Por Mauro Basaure
El debate en torno al matrimonio igualitario –materia sobre la cual la Presidenta Bachelet acaba de anunciar el envío de un proyecto de Ley al Congreso– se transforma en una discusión entre sordos. Contra esto, quienes estamos a favor de la aprobación de dicha ley tenemos la obligación de escuchar mejor.
Los conservadores de Chile y el mundo que se oponen a dicha ley tienen muchos argumentos, algunos mejores que otros, obviamente. El mejor de ellos, el más robusto, es aquél que señala que la diferencia sexual entre hombre y mujer constituiría un bien en sí mismo pues hombre y mujer se complementan o equilibran como padre y madre en la generación de un medio de procreación y/o crianza (no se sabe si procreación o crianza pues esta diferencia queda escondida en el argumento conservador) del que los niños no debiesen ser privados, so pena de causarles un perjuicio, cuya especificación técnica nunca se pone a disposición.
Dicho medio propicio se podría constituir sólo bajo una fórmula: el padre está ontológicamente asociado al hombre y la madre a la mujer. Padre/madre no serían roles sociales, que pudiesen ser cumplidos por una combinación distinta a la de hombre/mujer, so pena de romper la complementariedad y con ello de generar un medio perjudicial para el niño.
Es esta fórmula ciertamente ontológica, igual al matrimonio heterosexual, la que el Estado debiese simplemente sancionar como matrimonio institucional. Evidentemente esto no se puede discutir, pero no porque sea verdadero, sino por su carácter: frente a algo así sólo cabe creer o no hacerlo. Ello no es distinto a cuando el pastor Soto nos llama a aceptar su interpretación de la Biblia.

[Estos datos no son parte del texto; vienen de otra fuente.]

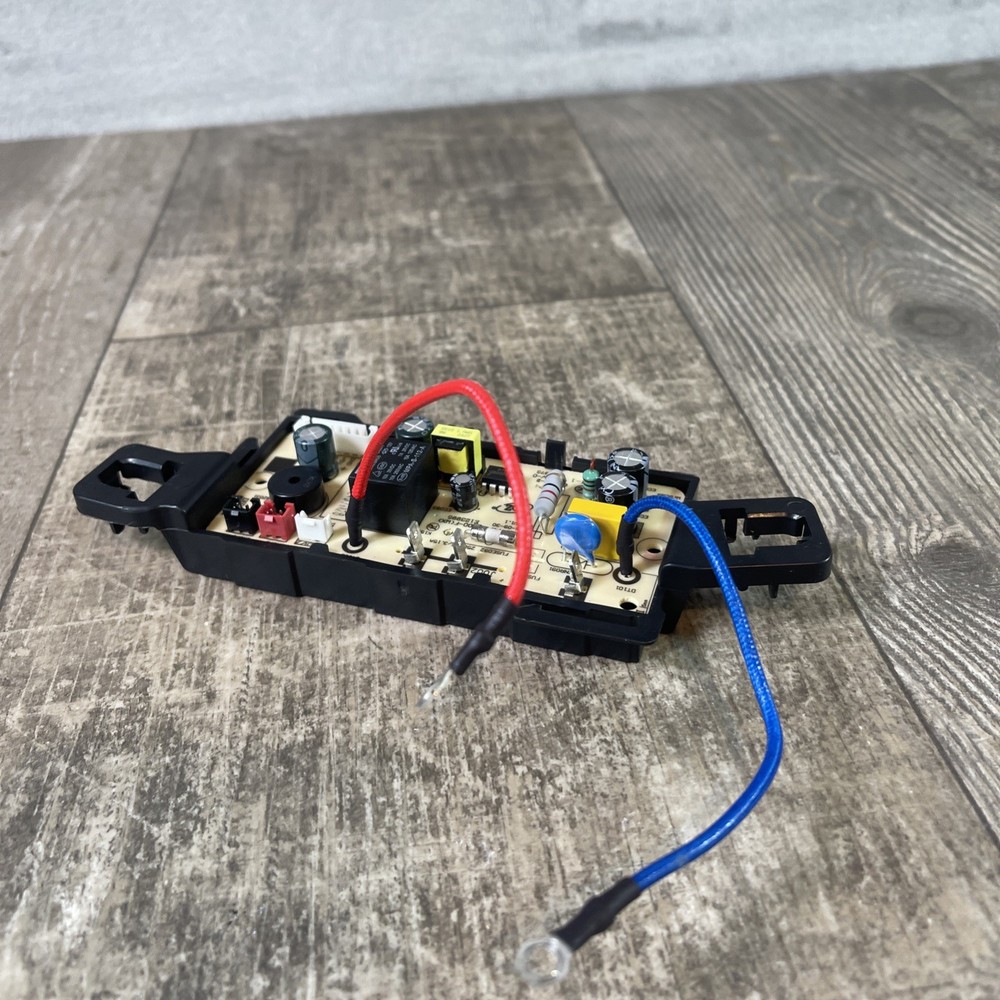 Instant Pot Duo Mini V5 Replacement Board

Se trata de una petición de principios. Lo que los hombres y mujeres quieran hacer con sus instituciones, si no coincide con dicha ontología, sólo puede ser falso y además patológico, y ello con independencia de lo que ellos y ellas construyan de acuerdo a su sentido común, a su autocomprensión cultural y la deliberación democrática en tanto ciudadanos, pero sobre todo —y este es el verdadero punto aquí— con independencia de lo que digan las ciencias empíricas.
No se trata de si el argumento conservador es de índole religioso o no. Se trata únicamente de que exige una creencia que no sólo no admite la posibilidad de su falsedad, sino que declara como falso y perjudicial lo que no se condice con él. El problema es que, nos guste o no, en sociedades plurales, diversas, que además se dicen democráticas, frente a este orden de debates y controversias, no contamos con otro patrón de racionalidad que el de las conclusiones de las ciencias empíricas, cuando ellas expresan amplios consensos, como es aquí el caso: no hay tal perjuicio para el niño en familias donde los roles parentales están asumidos por personas del mismo sexo.
No aceptar esta conclusión, no es razonable.
El mejor argumento de los conservadores no es razonable, no sólo porque tiene inconsistencias internas insalvables, sino que además porque apela a reglas del mundo, seguramente ciertas para ellos, pero de las cuales no sólo no existe evidencia empírica alguna, sino que además son ampliamente contradichas por las ciencias empíricas. Pese a los esfuerzos de sus defensores, la discriminación entre parejas heterosexuales y homosexuales respecto de la institucional matrimonial es final e inapelablemente arbitraria. Esa discriminación —que lentamente está siendo desalojada de la historia de todos los países modernos— está condenada a acompañar en un futuro no lejano a la doctrina “separate but equal” de la USA segregacionista racial de fines del siglo 19 y la primera mitad del 20.